Los túneles constituían una pequeña obsesión para una parte de los que formábamos la Sociedad Histórica, Artística y Arqueológica Dugium, fundada en 1970. Tenían algo de mágico, de sobrenatural, de inesperado. Quizás porque entonces estaban de moda los libros de Los Cinco (y Los Siete Secretos, y Torres de Mallory), de Enid Blyton, algo que todo el mundo con 60 cumplidos recuerda ahora mismo. También las aventuras de Guillermo Brown, de Richmal Crompton. Pura influencia anglosajona.
De ahí que miembros de Dugium fueran no una sino muchas veces al monasterio de San Martiño do Couto: autobús urbano primero y a caminar después, hasta llegar a aquella iglesia y aquellos restos del cenobio que entonces estaban aislados, con el bar en sus cercanías que continúa abriendo sus puertas con otro formato y aspecto.
La picota
La tradición oral decía que desde allí arrancaba un túnel hasta la cercana picota, y que por él conducían a los prisioneros a lo que sería su último acto en vida: ser ajusticiados. Se entiende que así evitaban las iras de las masas, que esperarían fuera tan ansiosas de sangre como ahora en algunos países musulmanes tipo Arabia Saudí.

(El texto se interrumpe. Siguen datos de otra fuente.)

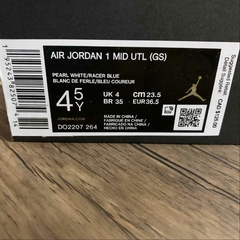 Air Jordan 1 Mid Aj1 Do2207264 - Lasper Shop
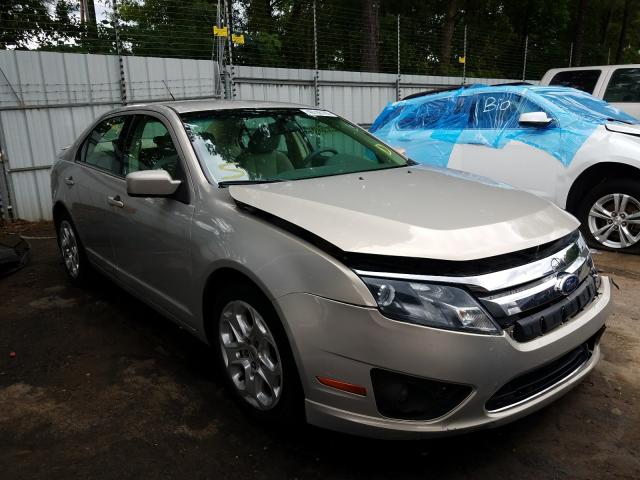 FORD FUSION SE 2010 3fahp0ha6ar206524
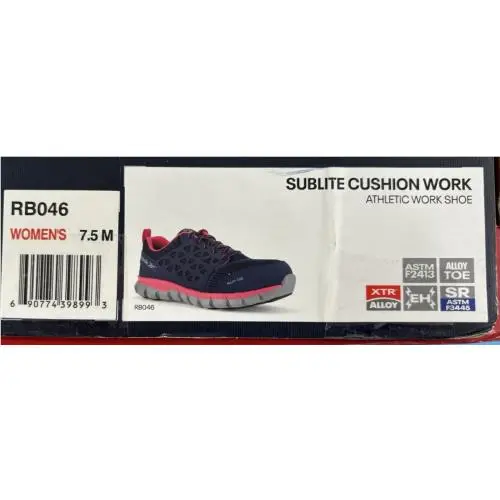 Reebok shoes - RB046 - RB046 - Black 6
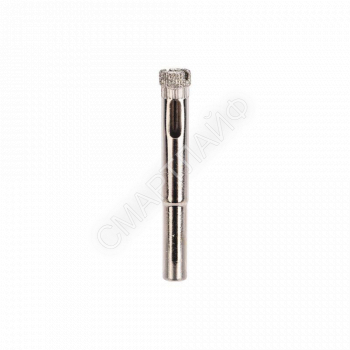 Сверло алмазное 8мм по керамике и стеклу Kranz KR-92-0002 - smartlife-ural.ru – Екатеринбург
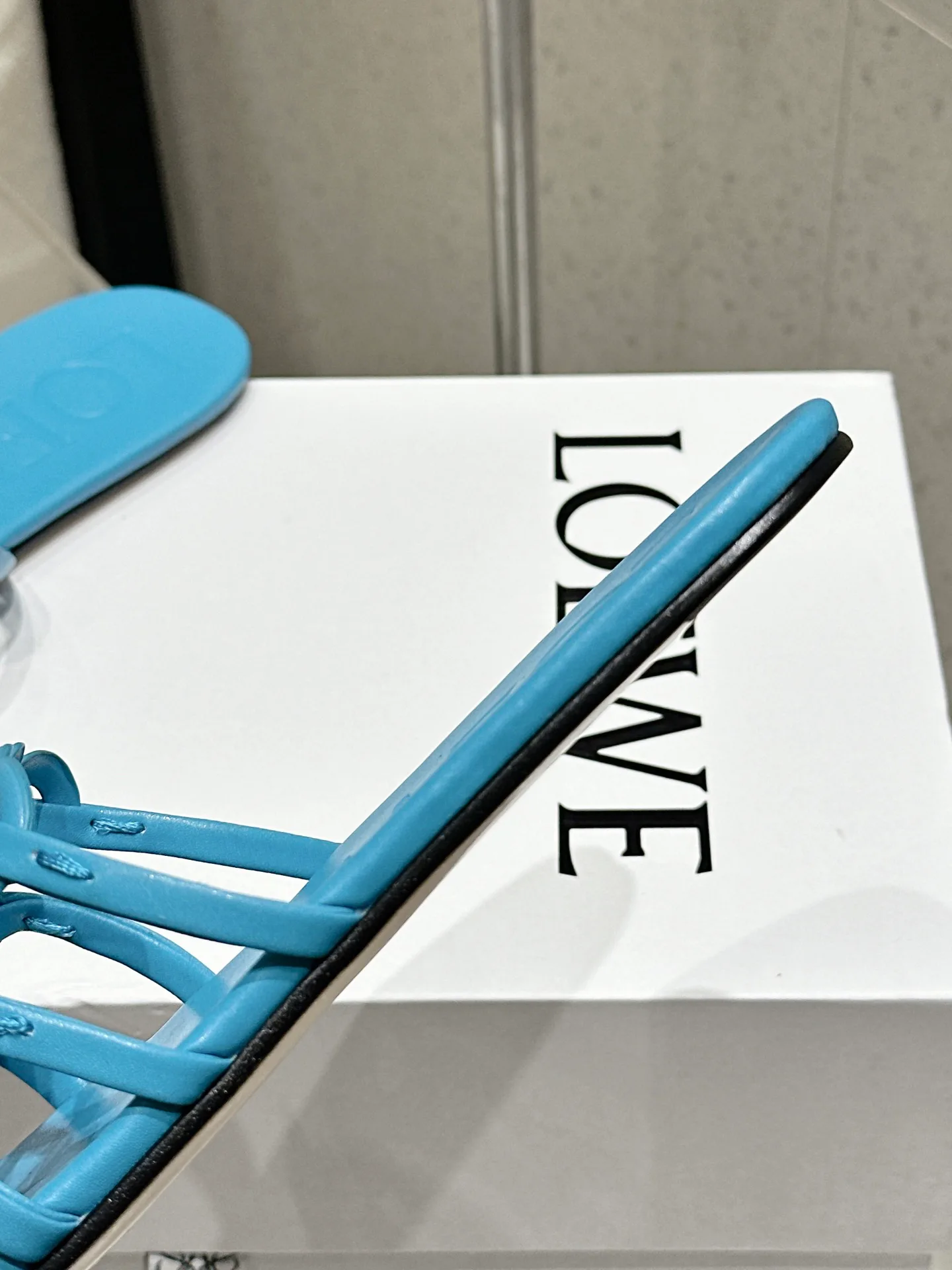 Шлепанцы Женские Loewe 492139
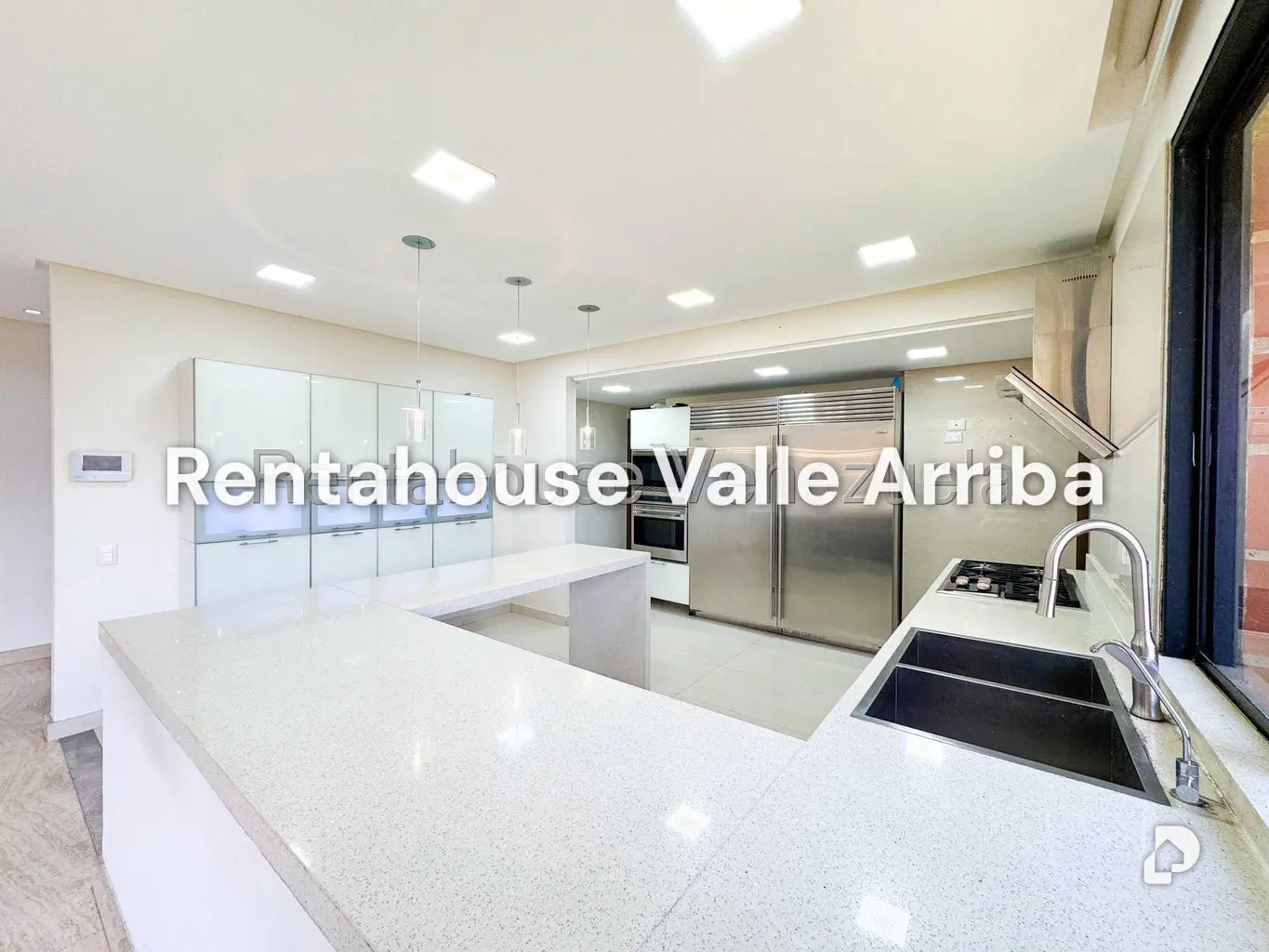 Apartamento en Los Samanes, Caracas – 14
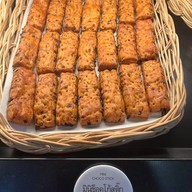 เมนูของร้าน Bonjour Central Festival Hat Yai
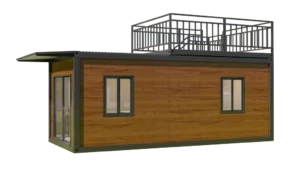 container house design ideas from China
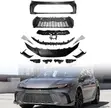 Complete Front Bumper for Toyota Camry 2025-2026 SE/LE - 1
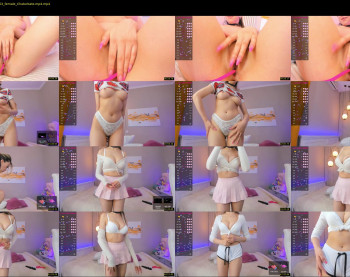 taeni_lara — 54 minute Chaturbate female cam show recording, 1080p, Jun 1, 2022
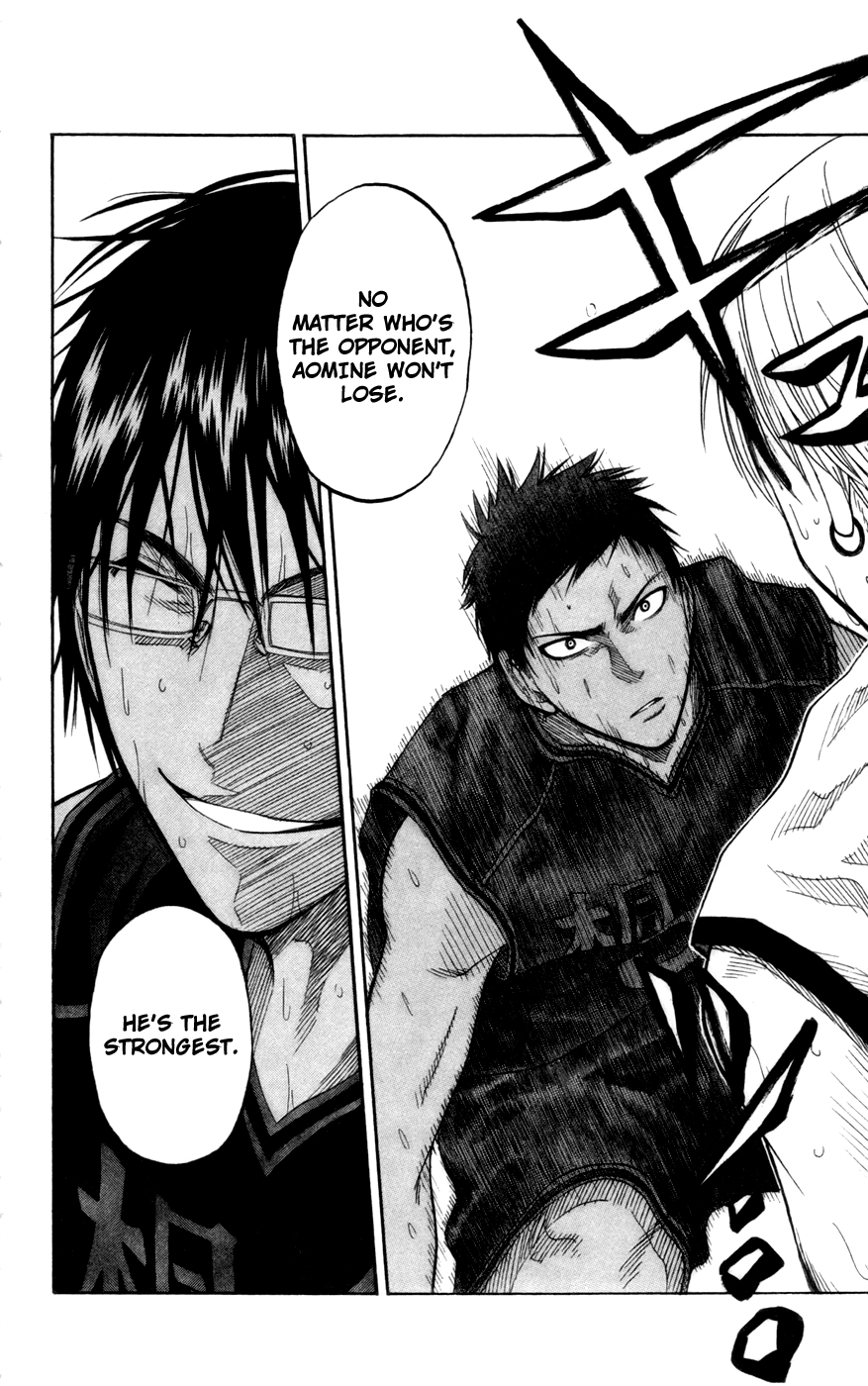 Read Kuroko no Basket - Replace Plus chapter 66 image 8 on Lezhin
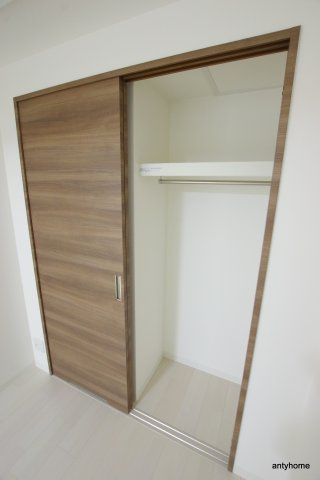 ラ・フォルム天満橋EAST　仲介手数料無料の収納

No fue nada fácil dar con el túnel. Había y hay una oquedad en la costa, pero no coincidía ni con la tradición ni con el trazado. Hasta que alguien -el párroco por una parte, un hombre del lugar por otra- indicó el lugar donde se encontraba y se encuentra la entrada.
La siguiente fase fue coger piqueta y excavar. No hubo que cansarse mucho para encontrar las losas que tapaban la entrada en sí, que fueron apartadas sin mucho miramiento. Y en efecto, ahí estaban las escaleras que descendían… hasta una auténtica poza llena de agua.
Los bomberos fueron amables y mandaron allí a uno de los suyos con una motobomba. Después todo fue coser y cantar. La insensatez de tener pocos años, unido a la prisa, hizo que dos personas (una, quien firma estas líneas) entraran sin preocuparse no ya por la calidad del aire, sino por si simplemente se podía respirar o no allí dentro.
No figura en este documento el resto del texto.